Can Phillies stay in the race? A look at their daunting upcoming schedule

When it's Aug. 13 and you're heavily involved in both the division and wild-card races, every game left is huge. There is no one game — aside from the head-to-head Braves matchups — among the Phillies' remaining 45 that carries more importance than another. 

But looking at the upcoming schedule, if the Phils don't survive these next 19, those late-September games against the Braves might not end up meaning a ton.

On Tuesday and Wednesday, the Phillies host the Red Sox, who are a ludicrous 50 games over .500 at 85-35. Tuesday, the Phils will face former AL Cy Young winner Rick Porcello.
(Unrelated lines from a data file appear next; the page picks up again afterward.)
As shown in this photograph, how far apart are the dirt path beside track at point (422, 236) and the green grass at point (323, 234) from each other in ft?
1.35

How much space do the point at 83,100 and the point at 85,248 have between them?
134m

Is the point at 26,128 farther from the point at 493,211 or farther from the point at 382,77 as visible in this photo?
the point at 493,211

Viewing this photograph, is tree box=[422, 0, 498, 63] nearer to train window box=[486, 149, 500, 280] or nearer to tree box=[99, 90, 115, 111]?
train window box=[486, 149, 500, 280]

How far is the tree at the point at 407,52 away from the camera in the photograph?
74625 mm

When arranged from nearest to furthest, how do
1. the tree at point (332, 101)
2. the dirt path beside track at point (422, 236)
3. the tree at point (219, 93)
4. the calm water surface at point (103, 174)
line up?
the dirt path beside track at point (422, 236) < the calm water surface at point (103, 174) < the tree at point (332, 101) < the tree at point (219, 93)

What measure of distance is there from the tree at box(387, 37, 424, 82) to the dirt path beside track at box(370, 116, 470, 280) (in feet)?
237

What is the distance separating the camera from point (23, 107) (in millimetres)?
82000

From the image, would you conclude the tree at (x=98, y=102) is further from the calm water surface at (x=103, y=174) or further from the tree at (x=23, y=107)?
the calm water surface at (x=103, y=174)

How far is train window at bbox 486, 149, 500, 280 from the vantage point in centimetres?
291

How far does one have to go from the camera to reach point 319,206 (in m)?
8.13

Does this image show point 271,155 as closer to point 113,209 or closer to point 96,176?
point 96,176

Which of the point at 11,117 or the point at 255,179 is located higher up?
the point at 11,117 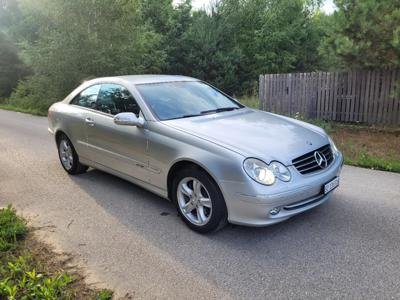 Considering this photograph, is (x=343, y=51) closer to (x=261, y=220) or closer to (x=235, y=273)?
(x=261, y=220)

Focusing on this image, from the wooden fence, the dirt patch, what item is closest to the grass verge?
the dirt patch

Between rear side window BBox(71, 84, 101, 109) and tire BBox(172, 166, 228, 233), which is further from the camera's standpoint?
rear side window BBox(71, 84, 101, 109)

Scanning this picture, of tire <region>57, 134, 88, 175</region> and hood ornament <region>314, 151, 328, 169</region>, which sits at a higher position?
hood ornament <region>314, 151, 328, 169</region>

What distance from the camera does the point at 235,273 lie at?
123 inches

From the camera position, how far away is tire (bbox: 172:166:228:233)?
3.62m

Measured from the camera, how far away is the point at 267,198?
3.33 meters

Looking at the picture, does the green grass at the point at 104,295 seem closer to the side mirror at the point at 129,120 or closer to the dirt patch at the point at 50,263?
the dirt patch at the point at 50,263

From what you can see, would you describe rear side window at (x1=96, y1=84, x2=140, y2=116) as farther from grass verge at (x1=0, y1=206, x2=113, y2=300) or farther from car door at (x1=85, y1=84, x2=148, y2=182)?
grass verge at (x1=0, y1=206, x2=113, y2=300)

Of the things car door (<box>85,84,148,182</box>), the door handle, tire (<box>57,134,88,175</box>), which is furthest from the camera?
tire (<box>57,134,88,175</box>)

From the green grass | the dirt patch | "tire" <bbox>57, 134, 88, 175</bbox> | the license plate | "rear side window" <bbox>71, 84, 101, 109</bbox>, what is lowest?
the dirt patch

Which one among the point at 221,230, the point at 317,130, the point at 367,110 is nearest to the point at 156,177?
the point at 221,230

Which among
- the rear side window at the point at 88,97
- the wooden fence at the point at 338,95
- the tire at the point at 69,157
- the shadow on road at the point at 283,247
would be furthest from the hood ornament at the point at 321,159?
the wooden fence at the point at 338,95

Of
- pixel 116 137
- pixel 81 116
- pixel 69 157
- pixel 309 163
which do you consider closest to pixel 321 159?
pixel 309 163

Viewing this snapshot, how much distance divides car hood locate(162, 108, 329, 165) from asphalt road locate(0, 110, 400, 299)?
86cm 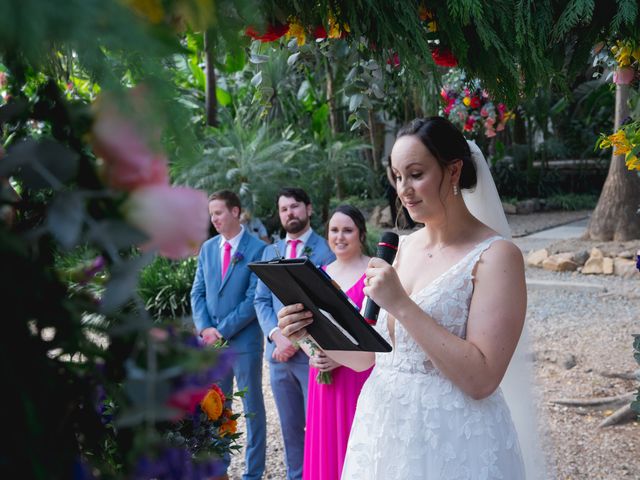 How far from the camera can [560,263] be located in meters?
9.11

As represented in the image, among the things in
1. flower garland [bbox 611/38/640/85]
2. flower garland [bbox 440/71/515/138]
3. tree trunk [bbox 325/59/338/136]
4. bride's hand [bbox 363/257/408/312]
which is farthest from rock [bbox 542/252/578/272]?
bride's hand [bbox 363/257/408/312]

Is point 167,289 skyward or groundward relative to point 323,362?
skyward

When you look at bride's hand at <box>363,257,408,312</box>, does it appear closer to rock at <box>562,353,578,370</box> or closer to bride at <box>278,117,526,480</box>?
bride at <box>278,117,526,480</box>

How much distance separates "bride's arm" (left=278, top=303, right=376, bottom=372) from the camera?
232cm

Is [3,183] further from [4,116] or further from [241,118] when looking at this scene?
[241,118]

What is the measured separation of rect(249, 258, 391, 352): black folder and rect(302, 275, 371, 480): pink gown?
1106 millimetres

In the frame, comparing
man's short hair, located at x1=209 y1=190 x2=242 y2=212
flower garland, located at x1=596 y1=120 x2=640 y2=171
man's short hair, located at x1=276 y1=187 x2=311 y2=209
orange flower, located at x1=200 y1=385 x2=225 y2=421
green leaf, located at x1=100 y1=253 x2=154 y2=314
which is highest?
man's short hair, located at x1=209 y1=190 x2=242 y2=212

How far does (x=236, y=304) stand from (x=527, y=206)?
11.7 metres

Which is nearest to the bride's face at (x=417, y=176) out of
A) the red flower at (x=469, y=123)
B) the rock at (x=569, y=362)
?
the rock at (x=569, y=362)

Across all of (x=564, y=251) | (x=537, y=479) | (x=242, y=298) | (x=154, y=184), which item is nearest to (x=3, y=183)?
(x=154, y=184)

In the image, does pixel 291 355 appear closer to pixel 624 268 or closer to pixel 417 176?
pixel 417 176

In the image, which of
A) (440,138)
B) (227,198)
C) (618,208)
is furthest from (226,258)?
(618,208)

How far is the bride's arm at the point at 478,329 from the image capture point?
1924 millimetres

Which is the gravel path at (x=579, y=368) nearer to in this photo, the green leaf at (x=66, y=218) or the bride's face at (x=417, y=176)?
the bride's face at (x=417, y=176) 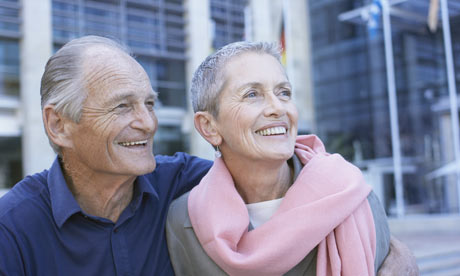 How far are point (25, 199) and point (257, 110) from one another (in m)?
1.01

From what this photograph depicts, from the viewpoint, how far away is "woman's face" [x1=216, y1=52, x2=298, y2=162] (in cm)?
200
Following the Red Sox is a five-game home series against the Mets, which includes a doubleheader Thursday. The Mets are terrible, but Jacob deGrom and Noah Syndergaard are not. On Friday, the Phils face Syndergaard. On Saturday, they face deGrom, who's had the lowest ERA in baseball most of the season.

It gets no easier from there, with a road series against the Nationals. In the final game of the Nats series, the Phils will face Max Scherzer. Five days later, they'll face Scherzer again.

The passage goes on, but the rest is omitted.